Updated restriction enzyme data files can be downloaded fromReBase. In addition to enzyme data files, the ReBase homepage contains a very useful search function which allows you to search their data base with the name of an enzyme or with a recognition pattern. Visit theReBasehomepage to download the restriction enzyme data file in GCG format.

3.4.2 Convert gcg data files to seqtools format?

Seqtools uses a slightly different enzyme data file format than the GCG program so it is necessary to use Tools/Conversion Functions/Convert GCG Restriction Enzyme File... to convert the file format so that the data file can be used by SEQtools as illustrated by the three screen shots below:

3.4.3 Codon usage tabels

Codon usage tables can be obtained from a number of sources for example from the Japanese Kazusa DNA Research Institute/Codon Usage Database. Remember to specify a GCG like style. The easiest way is to save the table directly from the Internet browser window as a plain text file with the extension *.cod in the folder ...\Program Files\seqtools 8.3\DataFiles\CodonFiles\mycodons.cod. Note that some browsers adds a *.txt extension to the file in addition to the *.cod extension you typed (...myfile.cod.txt). To avoid this enclose the filename+extension in quotes before saving from the browser.

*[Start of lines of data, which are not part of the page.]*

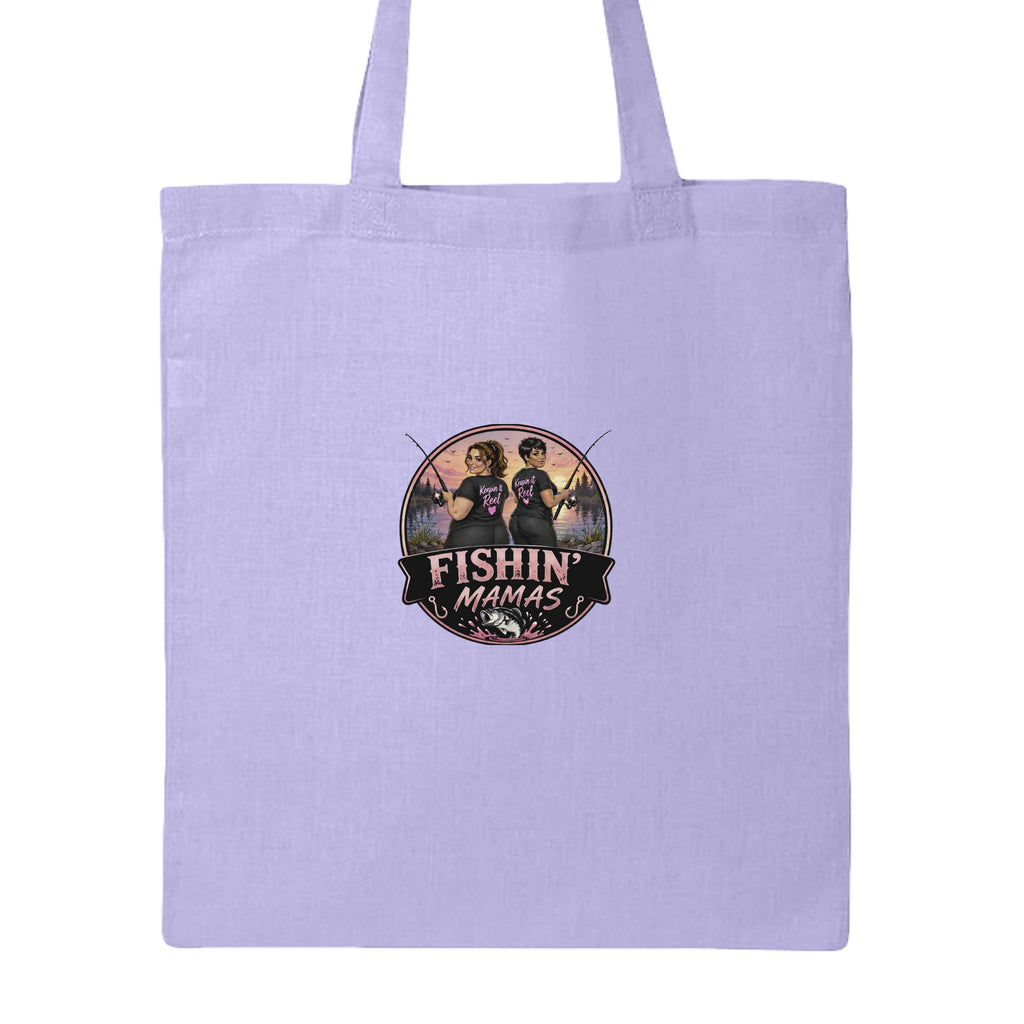 Lavender - QTB - BACK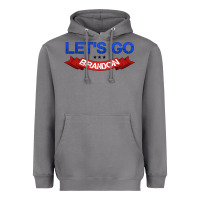 Storm Let's Go Brandon Heavyweight Hoodie - Jasminsmagicworld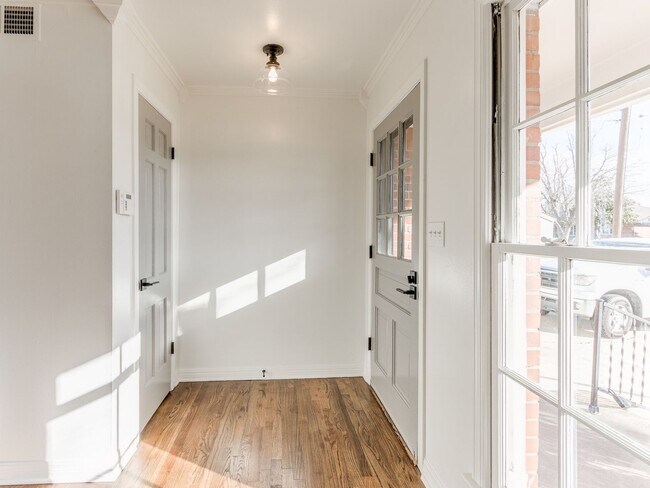 9417 Mahler Pl in The Village, OK - Building Photo - Building Photo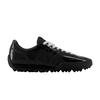 Gator Run Black Unisex Sneakers UGTR2SV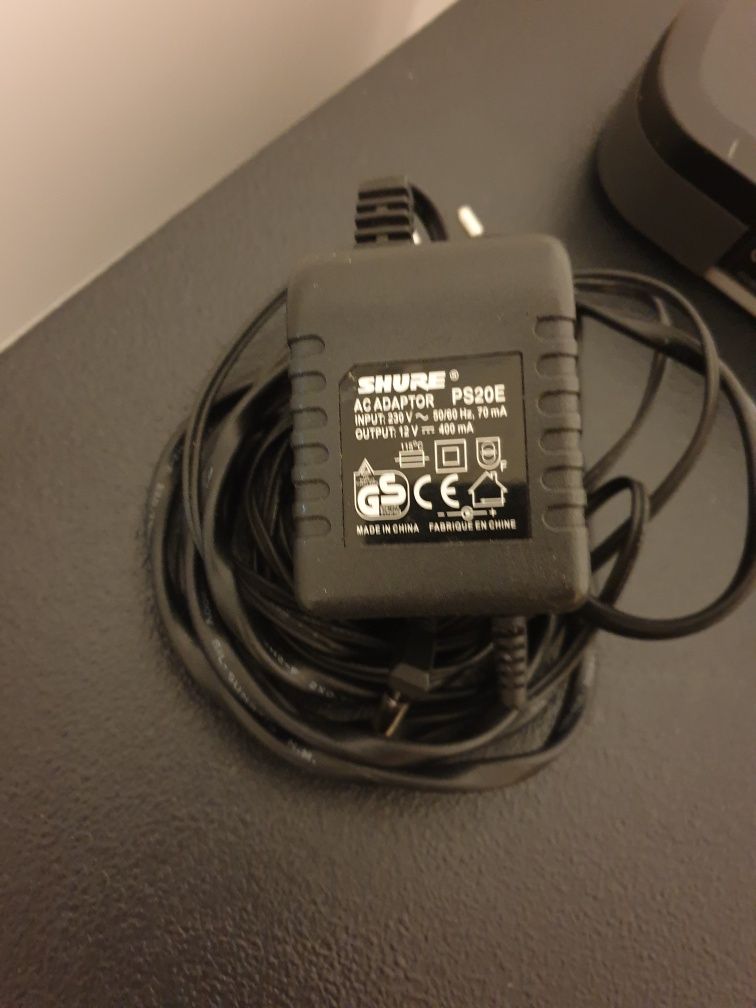 Microfoane wireless Shure pg58 combo pg88 (sm58 sennheiser voce live
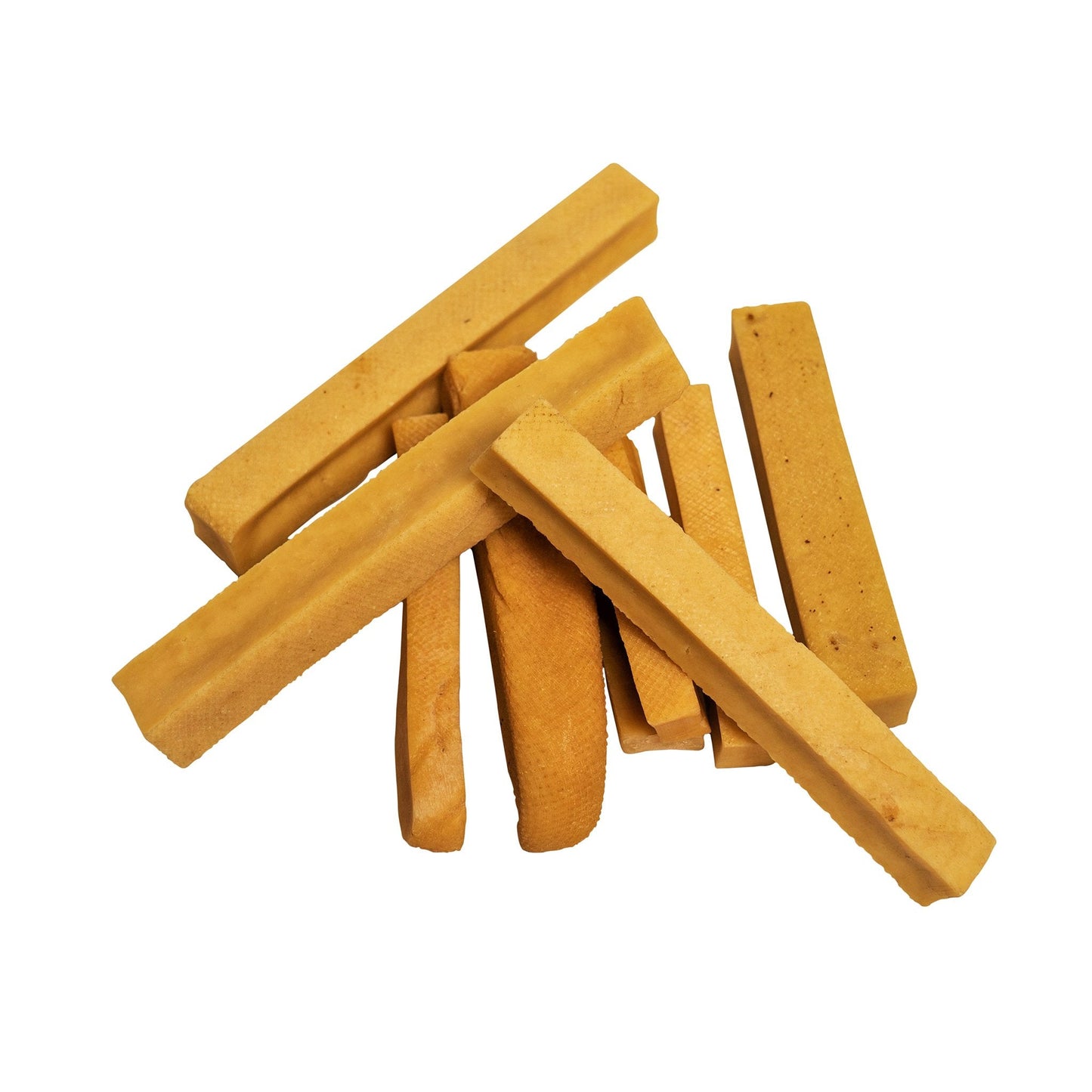 Yak Cheese Churpi Dog Chews — Long - Lasting Natural Himalayan Treat - LOLO'S SHOP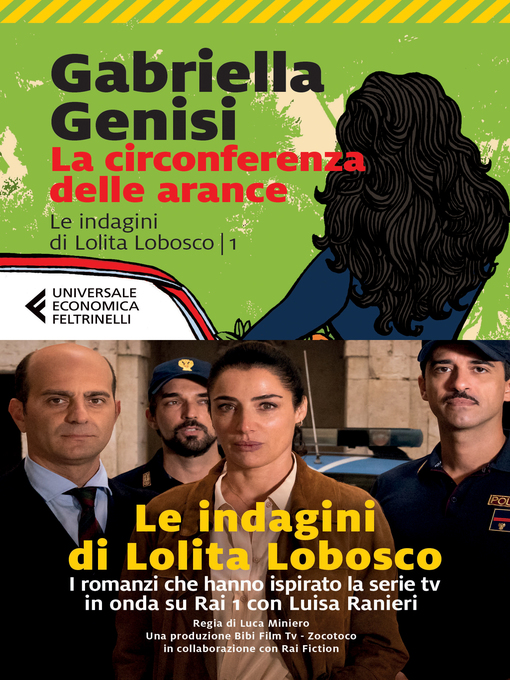 La Circonferenza Delle Arance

3.5 the main seqtools editor

Below is a screen shot of the main SEQtools editor. The form includes of a sequence panel, a sequence list (right clicking the sequence list toggles between a sorted list, a project order list. Pressing <F5> lists the matches from a local blast search). In the lower part are two info fields, a goto/bookmark field, an editable sequence name field and command buttons for an extended sequence list, the sequence header, chromatogram display and navigation buttons. The Update button reformats the sequence after editing.

Parking the cursor over the upper info field and holding down the right mouse button retrieves blast information for the displayed sequence (if the information is available). The vertical panel to the right contains shortcuts to a number of commonly used functions.

3.6 SEQTOOLS project types

Before you create a new SEQtools project you need to decide which type of sequences you wish the project to contain. In cases where you load a project which is previously generated and saved from SEQtools, the SEQtools auto-detects the project type from the first sequences in the selection and sets editor options accordingly.

It is not possible to mix nucleotide, protein or primer sequences in the same project. If you which to work with different sequence types simultaneously, open separate instances of SEQtools - one for each sequence type and use copy/paste to transfer sequences of the same type between the separate instances of SEQtools.

3.6.1 Nucleotide / trace projects

This project is restricted to include nucleotide sequences. If protein sequences are generated by translation of nucleotide sequences the protein sequences do not become part of the project when the project is saved.

Extracted trace files (chromatograms from auto sequencers) require a nucleotide project. If you create a new project exclusively consisting of trace files SEQtools auto-detects the project type and create a trace project. A trace project is similar to a normal nucleotide project. You can add more normal sequences and new trace files to a trace project and save the entire mixed project by one of the four methods described below.

The original trace file is not modified by being loaded and saved from SEQtools. Instead an association/link is created between the extracted, normal SEQtools version of the trace sequence and the original trace file. Provided that the path to original trace file is not changed the chromatogram can be retrieved and displayed by clicking the trace icon on the main editor form.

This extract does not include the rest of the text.